Important decisions and choices:

• Selecting AOP allows developers to achieve idempotence without intruding into business code, improving the maintainability and clarity of the code.
• Use Redis to store operational states, and use its fast access and expiration mechanisms to automatically manage state data.

These parses and decisions show how to ensure the idempotence of Java interfaces through technical means at different levels, each method has its applicable scenarios and advantages.
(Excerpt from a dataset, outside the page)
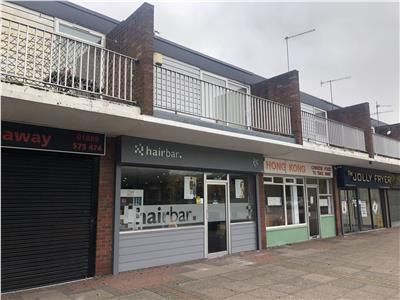 Thumbnail Retail premises for sale in 99 - 100 Fernwood Drive, Rugeley, Staffordshire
5. Practical application and testing

Provide test examples and results

Test the idempotent table:

• Scene: Simulates the user to submit a repeated order request.
• operate: Send the same order creation request in succession.
• Expected results: The first request to create an order successfully, and subsequent requests are intercepted, and the prompt message is returned such as "The operation has been processed".

Test code example：

// Suppose there is an interface for order submission@PostMapping("/submitOrder")
public ResponseEntity<String> submitOrder(@RequestBody Order order) {
    boolean isProcessed = (());
    if (!isProcessed) {
        return ("Order submitted successfully");
    } else {
        return ().body("Operation processed");
    }
}

Test Nginx + Lua + Redis

• Scene: The user clicks the payment button multiple times in a short period of time.
• operate: Simulate fast and continuous sending payment requests.
• Expected results: The first request to process payment, and subsequent requests are intercepted at the Nginx level, returning error or prompt information.

Test Spring AOP

• Scene: Call the API interface for resource creation.
• operate: Continuously call the same API interface.
• Expected results: Through the pre-notification of the AOP section, the first call executes resource creation, and the subsequent call returns the processed state.

Test code example：

// AOP facet processing@Aspect
@Component
public class IdempotencyAspect {

    @Autowired
    private IdempotencyService idempotencyService;

    @Before("@annotation(Idempotent) && args(request,..)")
    public void checkIdempotency(JoinPoint joinPoint, IdempotentRequest request) throws Throwable {
        if (!(())) {
            throw new IdempotencyException("Duplicate request detected.");
        }
    }
}

Test resultsIt should be shown that idempotence logic effectively prevents repeated operations, thus ensuring system stability and data consistency. These tests not only validate the correctness of the functionality, but also evaluate the performance impact of idempotent solutions in system stress testing.

Summarize

The above is personal experience. I hope you can give you a reference and I hope you can support me more.